Verizon Is Bringing 5G Technology to the Most Under-Resourced Students
And it's breaking down the digital divide in the process.
With 5G wireless technology, doctors can perform remote surgeries on patients thousands of miles away without worrying about a lag. Basketball fans can scan the court with their phone and, using augmented reality, get players’ statistics in real-time as the game is in progress. And passengers can download movies in mere seconds while waiting to board their flights.
An estimated 20 times faster than its predecessor, 5G technology is the next phase of connectivity. It could transform how humanity interacts with the world, opening up countless opportunities for virtual reality, augmented reality, content delivery, education, and much more. It’s already reaching markets in parts of the United States, and will likely be in widespread use in 2020. Verizon is making sure under-resourced students are not left behind.
Around 10% of the US population lacks reliable access to the internet. For 3 million school children, this digital divide prevents them from reaching their full potential and can limit their educational and career opportunities, particularly in STEM fields. As 5G technology becomes the norm across the country, the digital divide could become even wider, posing a greater barrier to under-resourced students.
That’s why Verizon is working to get ahead of the curve, ensuring these students are not only not left behind, but are among the first to get access to this cutting edge technology.
Verizon CEO Hans Vestberg & Pharrell Williams at Global Citizen Festival 2019. Credit: Ryan Muir
Through Verizon Innovative Learning, which provides free technology, internet access, and immersive instruction in a classroom setting to students who would otherwise not have access to cutting-edge digital opportunities, Verizon has already begun to roll out 5G service to select middle schools. On the Global Citizen Festival stage on Sept. 28, Verizon CEO Hans Vestberg, along with artist and activist Pharrell Williams, announced Verizon's commitment to bringing 5G to 100 Verizon Innovative Learning Schools across the country by 2021, introducing students to vast new learning experiences and tools.
“5G technology will provide extraordinary opportunities in education,” said Rose Kirk, Chief Corporate Social Responsibility Officer, Verizon, in a press release. “The students and teachers in our Verizon Innovative Learning Schools will be at the forefront of this innovation and among the first to explore these transformative 5G learning solutions.”

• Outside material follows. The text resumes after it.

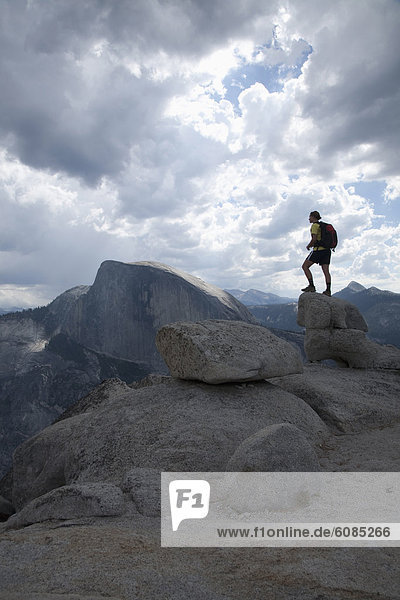 A female hiker on granite boulders on the North Dome at Yosemite National Park  with Half Dome in the background.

Verizon Innovative Learning programs give students access to learning experiences that could set them on the path toward highly rewarding careers. Students can learn about various computer coding languages, robotics technology, augmented reality, and virtual reality. Past classes have allowed students to develop video games, fully functioning robots, and more.
Earlier this year, the 5G EdTech Challenge awarded a total of $1 million in grants to organizations who have created AR and VR experiences, machine learning, AI and mixed reality projects that have the ability to solve for student engagement, teacher preparedness and special needs support through the power of 5G.

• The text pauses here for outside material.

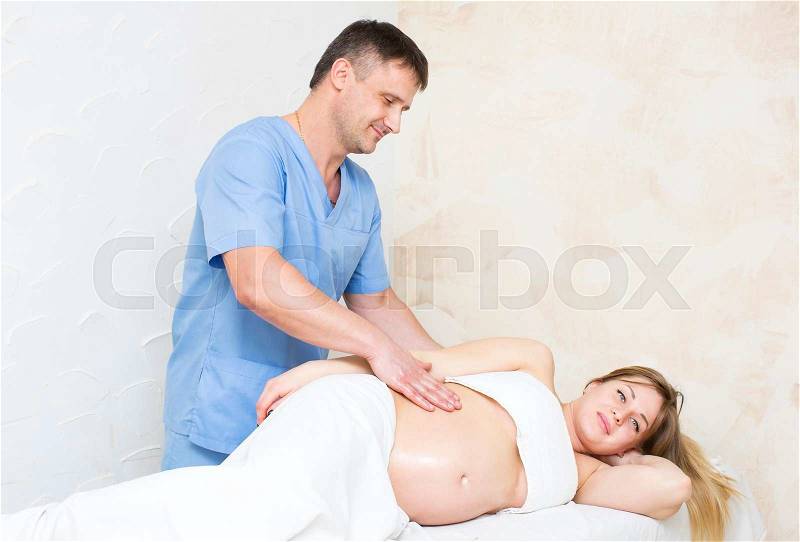 Processes salon doing massage to a pregnant woman, stock photo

One organization is using augmented and virtual reality tools to help kids in K-12 better understand robotics while data visualization program Mapper’s Delight, created by another Verizon grant recipient, brings rap lyrics to life in classes such as social studies and world history to provide highly engaging learning experiences.
“With the 5G EdTech Challenge the Rap Research Lab was able to develop and deploy the kind of project that young people typically only see in the movies,” Tahir Hemphill, creator of Mapper’s Delight, said in a statement. “Though digital technology is already a huge part of these students’ lives — Mapper’s Delight is a unique opportunity for them to not only get a glimpse of the future, but to expect the future to combine innovation and cultural relevance.”

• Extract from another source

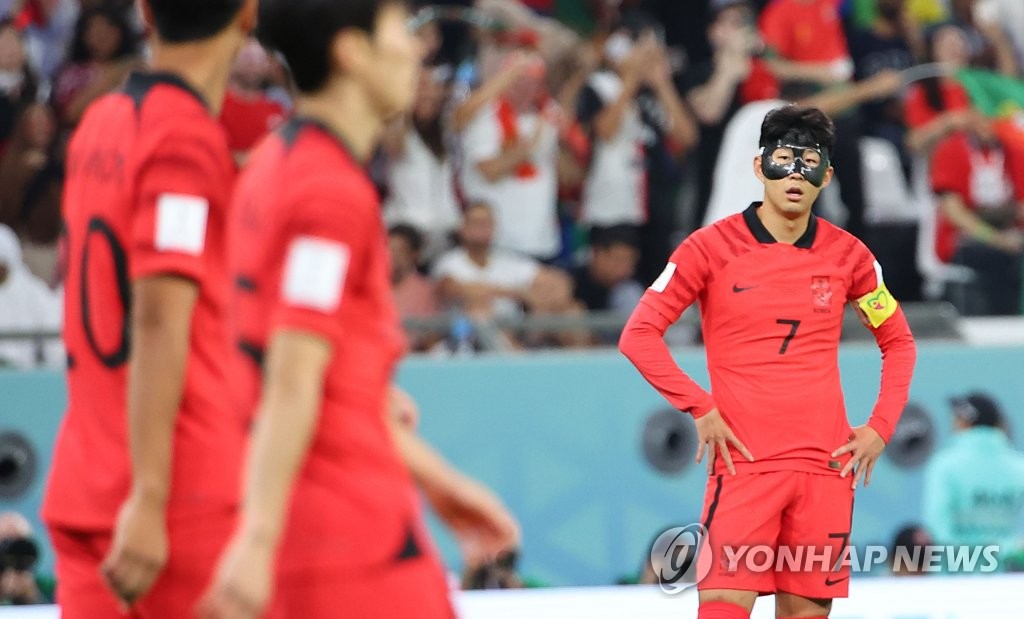 Son Heung-min of South Korea (R) reacts to a goal by Portugal during the countries' Group H match at the FIFA World Cup at Education City Stadium in Al Rayyan, west of Doha, on Dec. 2, 2022. (Yonhap)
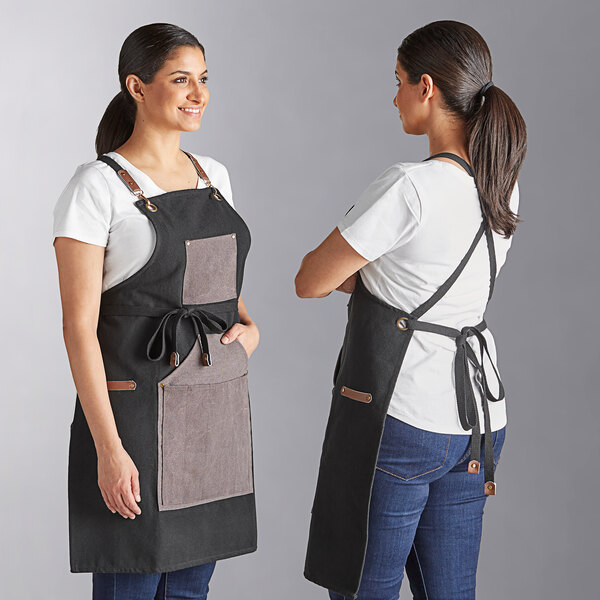 A charcoal heavy-duty canvas grilling apron with utility pockets, shown from the front and back.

Hemphill believes such innovative technology will help bridge the digital divide. “Bringing 5G to the classroom is helping us shift the narrative away from lack and division, and more towards opportunity, creativity, and equity,” he added.
These are the sorts of projects that will help students navigate the world of tomorrow. And as Verizon Innovative Learning helps break down digital divides in classrooms, students from all backgrounds will have a shot at succeeding.